Data below:
☆ ☆ ☆ ☆ ☆ ☆ ☆

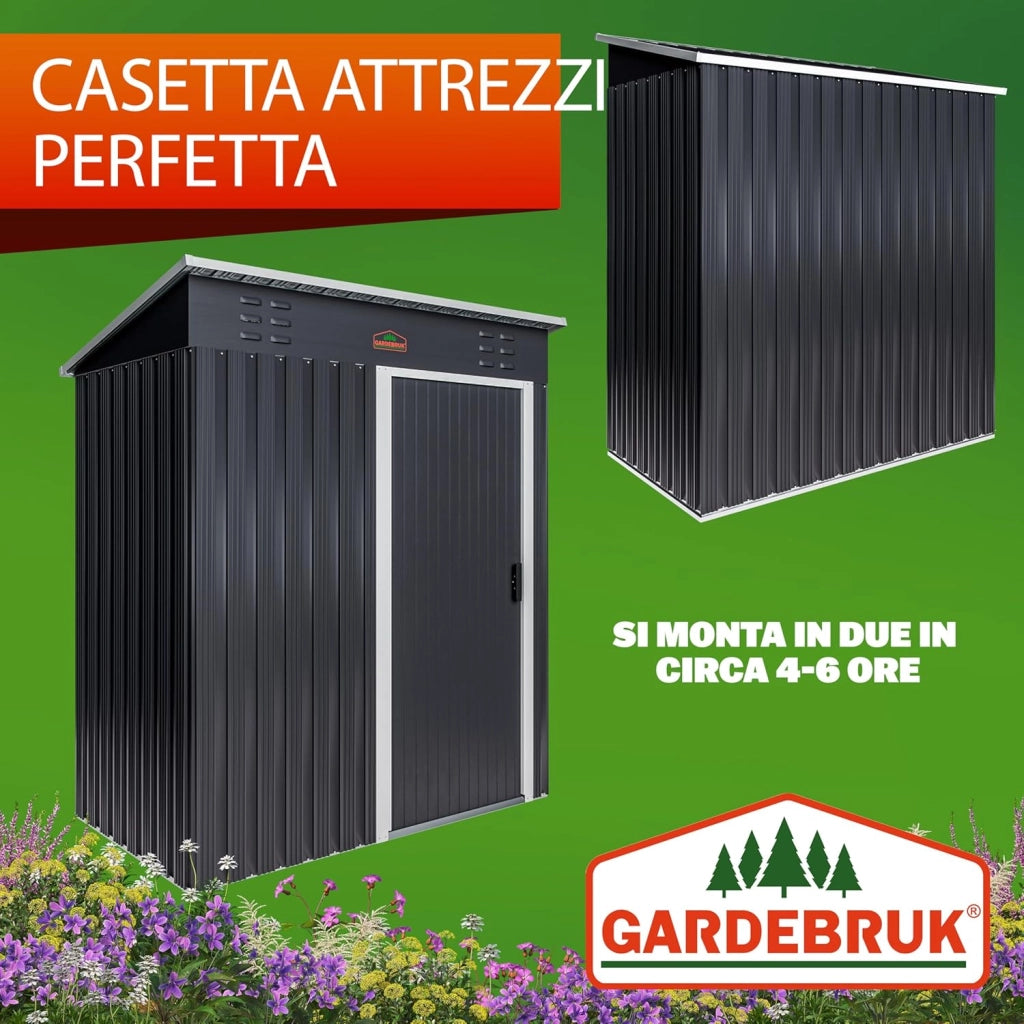 Casetta da Giardino Porta Attrezzi 185x165x90cm 1,5m² con Porta Scorrevole Armadio da Esterno in Metallo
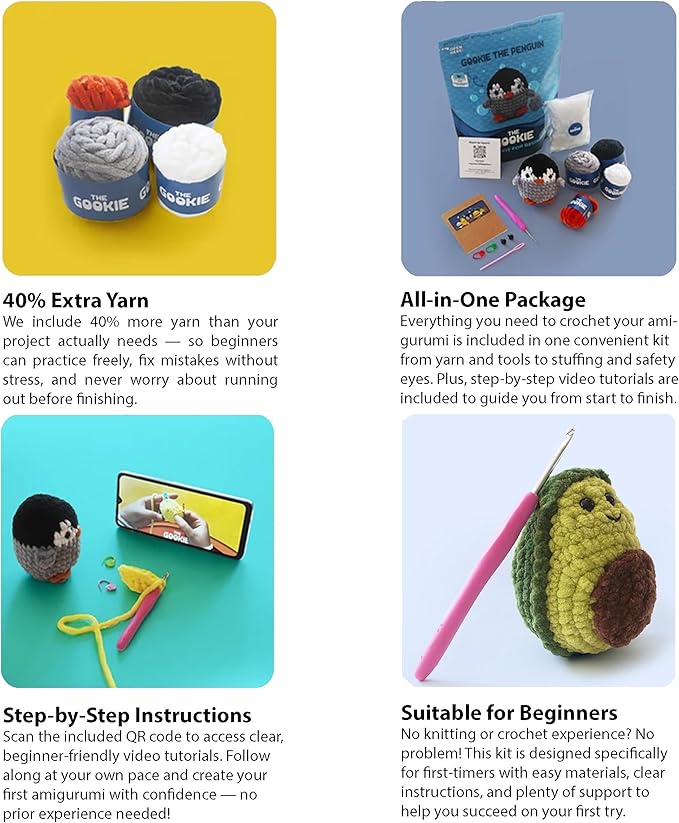 THE GOOKIE Amigurumi Crochet Kit for Beginners – DIY Crochet Kit with Yarn, Hook, Eyes & Stuffing – Easy Starter Set with Video Tutorials – Cute Plush Toy Craft Gift for Kids, Teens & Adults (Bear)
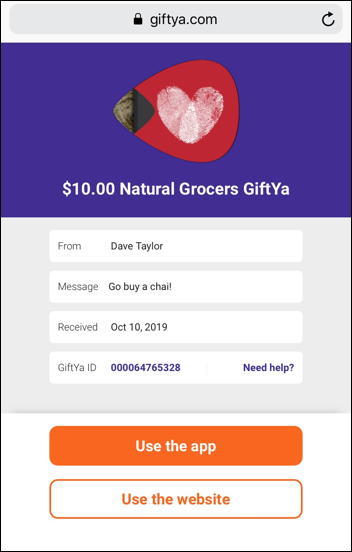 giftya gift card - received - details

☆ ☆ ☆ ☆ ☆ ☆ ☆

A word-for-word copy of the lines from the one with "THE GOOKIE Amigurumi" through the last line of the data above is required, with both end lines included and no pictures.

 THE GOOKIE Amigurumi Crochet Kit for Beginners – DIY Crochet Kit with Yarn, Hook, Eyes & Stuffing – Easy Starter Set with Video Tutorials – Cute Plush Toy Craft Gift for Kids, Teens & Adults (Bear)
 giftya gift card - received - details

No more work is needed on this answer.